His decision to return to school has come as no shock to those who know him.

“I believe he looks at it as a great challenge,” said two-time NHL All-Star Mathieu Schneider, who was Richter’s teammate on the 1996 World Cup Team and two Olympic teams, as well as the Rangers from 1998-2000.

Back in the Philadelphia suburbs finishing his degree was something he often discussed.

“My dad and his mom have been real good friends for over 20 years now and constantly they talked about [it],” J.J. Reydel said.

Reydel and Richter were teammates in high school at Germantown Academy in Fort Washington, Penn., where Reydel’s father taught the future NHL star.

“[During his career] Mike was renowned for being one of those guys who wanted to live in the city, because that’s where the culture was. Sometimes it wasn’t even to advance to a degree. He was an intellectual guy,” Reydel said.

After entering retirement, selecting a school was the next big decision. Numerous factors went into choosing Yale, including the happiness of his then-pregnant wife and two kids. Yale’s Special Students program also attracted the Blueshirt legend to New Haven. The Richters purchased a home in Guilford earlier this year, and his wife, Veronica Richter, gave birth to their third son this summer.

Though Richter toured the campus this past January, it was not his first visit to Yale. As a goalie for the Northwood School of Lake Placid, N.Y., he was being recruited by Eli men’s hockey head coach Tim Taylor and faced off against Yale’s junior varsity team that same year.

“He’s always been an ‘Ivy League’ kind of kid academically,” said Taylor, who went on to coach Richter in the 1991 Canada Cup. “I saw him a kid who was a phenomenal talent. He had the intellect and the brain power of a kid we could recruit.”

But Taylor could not bring Richter to Yale then, as the highly sought-after goalie ended up choosing Wisconsin

“A lot of those trips, your impression is: What does the city look like, what the arena looks like, do they have a nice opposing locker room,” Richter said. “I didn’t really get a full flavor of the University.”

Taylor had more success the second time around, but Yale sold itself, Taylor said.

“I wanted to get the best education possible, but there is the reality that I’m 37 years old,” Richter said. “It would help to go to a place that has graduate students, that’s a little bigger. Yale has a great program for returning students.”

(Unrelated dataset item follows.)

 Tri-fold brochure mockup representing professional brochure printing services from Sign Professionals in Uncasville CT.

For a man who posted a 301-258-73 record in 666 career games, the best is nothing new. In 1994, he lifted the Rangers to their first Stanley Cup in 54 years with a game-seven victory over the Vancouver Canucks. Richter had 28 saves in Game 7 and made plenty of highlight reels after stoning Pavel Bure on a penalty shot in Game 4. Two years later, he displayed similar heroics for his country — one of the reasons for his enshrinement on the All-Time USA Hockey Team. In his final international competition at the Salt Lake Games in 2002, Richter won a silver medal with the U.S. team.

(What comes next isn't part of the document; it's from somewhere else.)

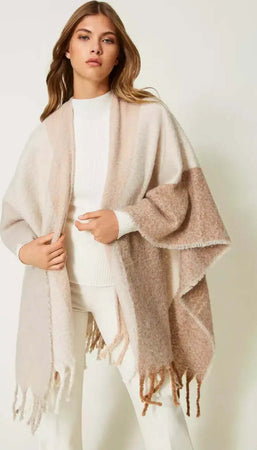 TWINSET-|-Mantella-in-panno-con-frange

His performance in the 1996 World Cup showed the world his dominance, as the U.S. team defeated Canada for the championship, winning the final two games of a best-of-three series. Richter earned tournament MVP honors for one of America’s greatest hockey accomplishments since the Miracle on Ice.

“We had a very close knit group of guys, we had a lot of fun together,” Richter said.

Both teammates and opponents were awed by Richter’s play — as he maintained an incredible level of focus — though perhaps they should have expected it.

Even as a teenager at Germantown, Richter simply did his own thing to get ready for games. His preparation paid dividends, with Germantown winning a state championship in 1983.

“His big thing before games, his routine: He would sit down, be in full equipment before everyone else, [peel] two oranges and eat them, [take out his] fourth-grade level skills book, and read it,” Reydel said. “You’d leave him alone, you’d let him get focused.”

The same type of ritual preparation carried on into the NHL.

“He stretched for hours and would run around the concourse at whatever arena we were in,” Schneider said. “The first was pretty normal, but the running was a little strange, never saw that before or since. His focus was there before every game and lasted for the whole game. I don’t think that it is natural. It’s trained or learned and takes a long time to develop.”

Aside from preparation and focus, Richter constantly sought perfection.

“He and I would often be the first guy [at practice], he would plop a bucket of pucks in front of me and he would say ‘Let’s go,'” Reydel said. “Every time he gave up a goal, [he would ask] ‘did I leave something open?'”

There is no reason to doubt that his perfectionism will translate to the classroom. Richter’s attitude provides insight into his success.

“[The key is] finding what are the parameters of what I need to do,” Richter said. “If I need to study seven hours for a test to get an ‘A’, then study seven hours. Do what you need to do. Everything’s got its challenges.”

Yalies who grew up in the greater New York area idolizing Richter will not be the only students reaping the benefits of his presence on campus. Richter is looking forward to transplanting some of his hockey knowledge to Yale’s own skaters at Ingalls Rink.

He will not be an official coach, and as a full-time student, parent, and husband, Yale hockey will not be his number one priority, but that is good enough for some Bulldogs.

“It’s going to be a great opportunity,” Eli netminder Josh Gartner ’06 said. “It’s going to be awesome. Any contact I could have with him would be a great opportunity.”

Gartner’s father, NHL Hall-of-Famer Mike Gartner played with Richter in New York from 1989-1994.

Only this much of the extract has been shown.